Once you find the line with "Mavi Regular Fit" in the listing below, set down exactly every line from it through the line with "eede9cb3-dbd2-48ea-8cfb-99f78b414ef9", but no pictures.

Data section »
------------

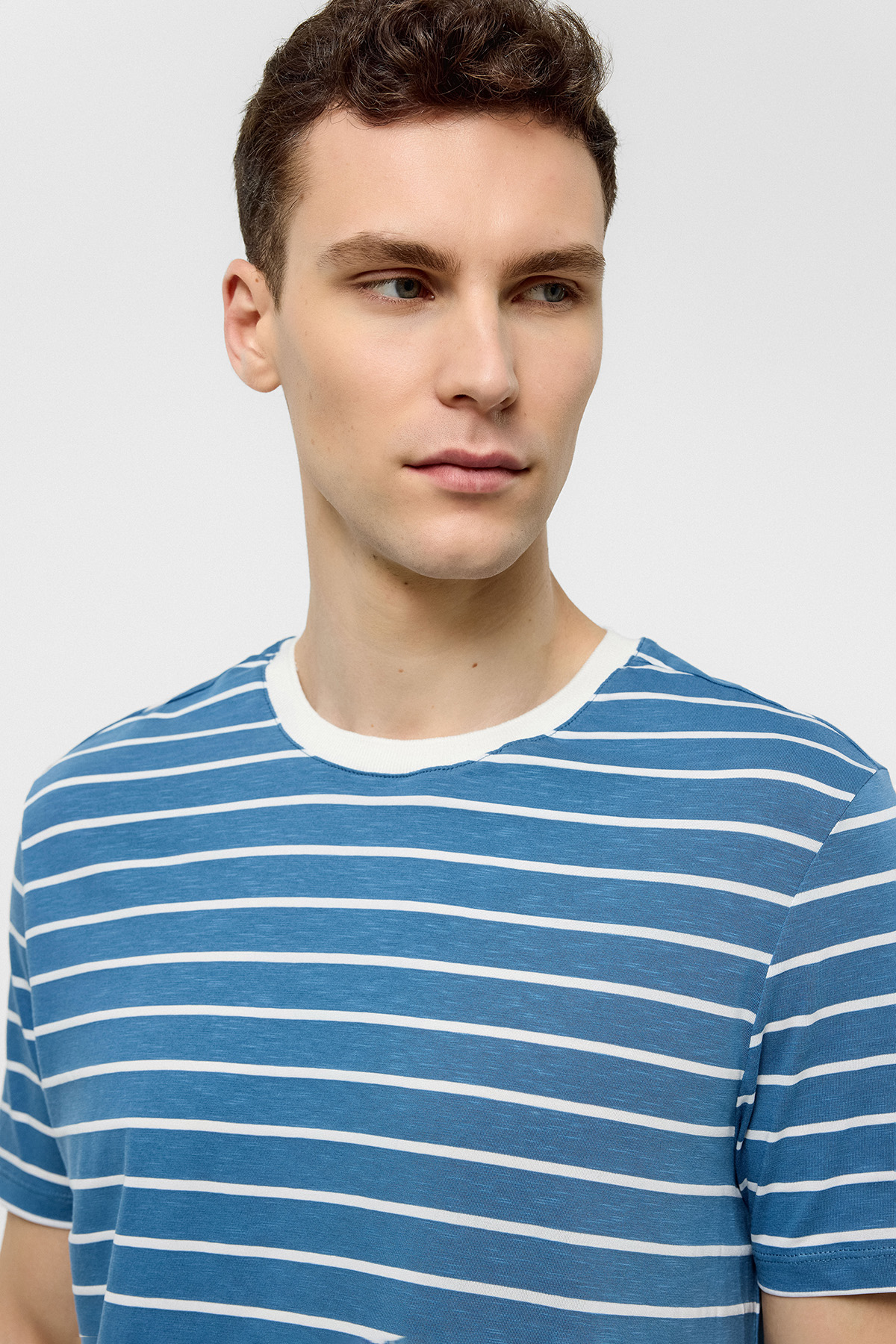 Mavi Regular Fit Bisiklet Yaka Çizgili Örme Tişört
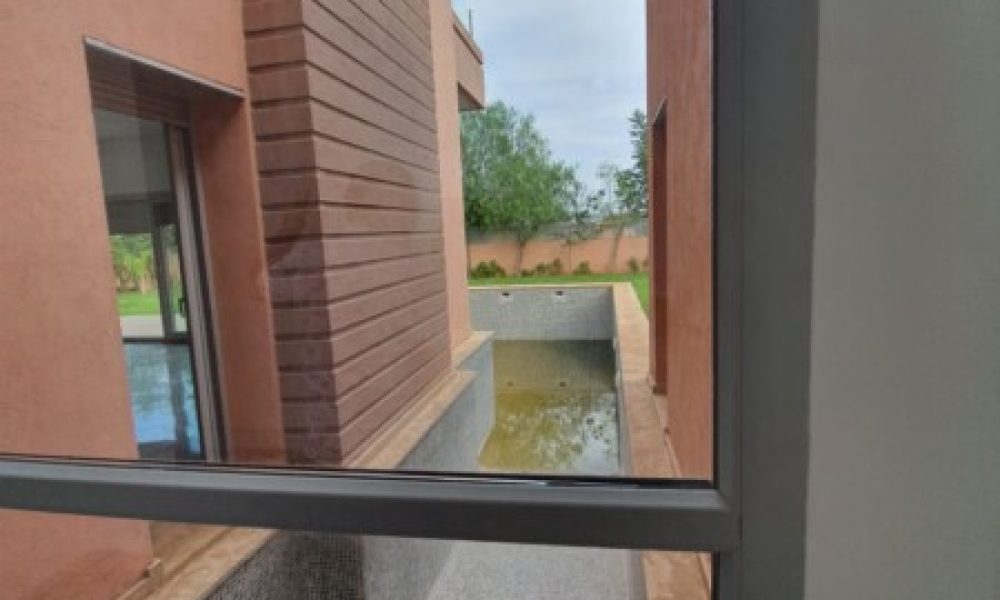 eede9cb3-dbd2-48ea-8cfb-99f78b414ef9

------------

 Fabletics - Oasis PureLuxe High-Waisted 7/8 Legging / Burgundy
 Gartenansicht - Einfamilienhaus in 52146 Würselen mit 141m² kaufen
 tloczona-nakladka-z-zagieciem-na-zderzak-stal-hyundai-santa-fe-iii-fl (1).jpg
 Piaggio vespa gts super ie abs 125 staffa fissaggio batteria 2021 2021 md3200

------------

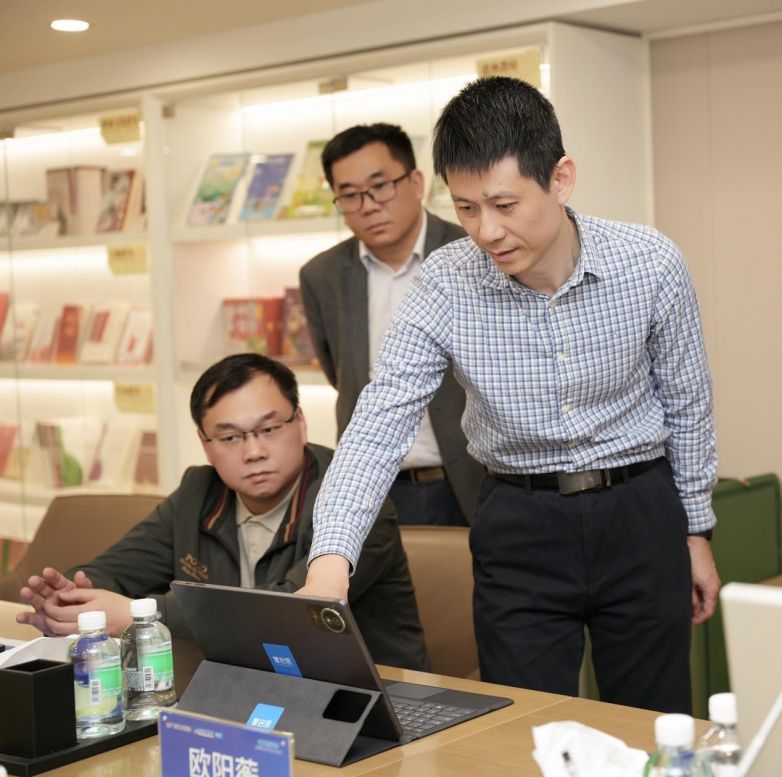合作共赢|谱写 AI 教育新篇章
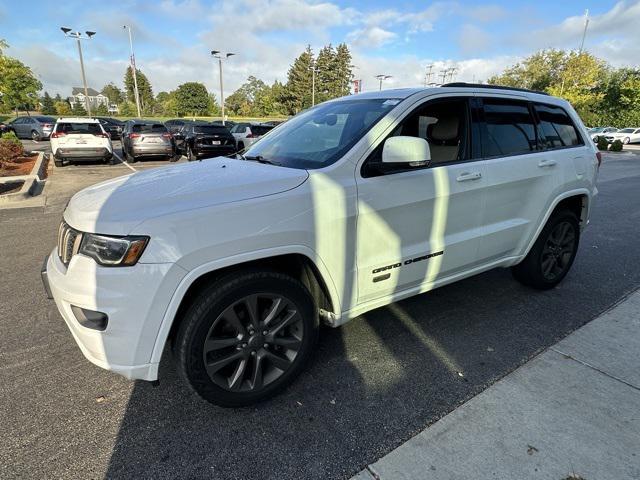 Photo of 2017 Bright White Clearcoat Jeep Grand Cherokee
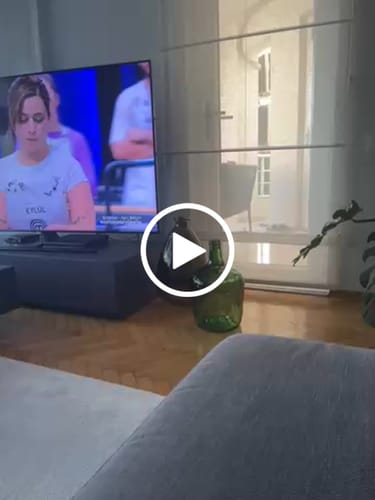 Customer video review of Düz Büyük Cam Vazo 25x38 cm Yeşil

------------

Result »
 Mavi Regular Fit Bisiklet Yaka Çizgili Örme Tişört
 eede9cb3-dbd2-48ea-8cfb-99f78b414ef9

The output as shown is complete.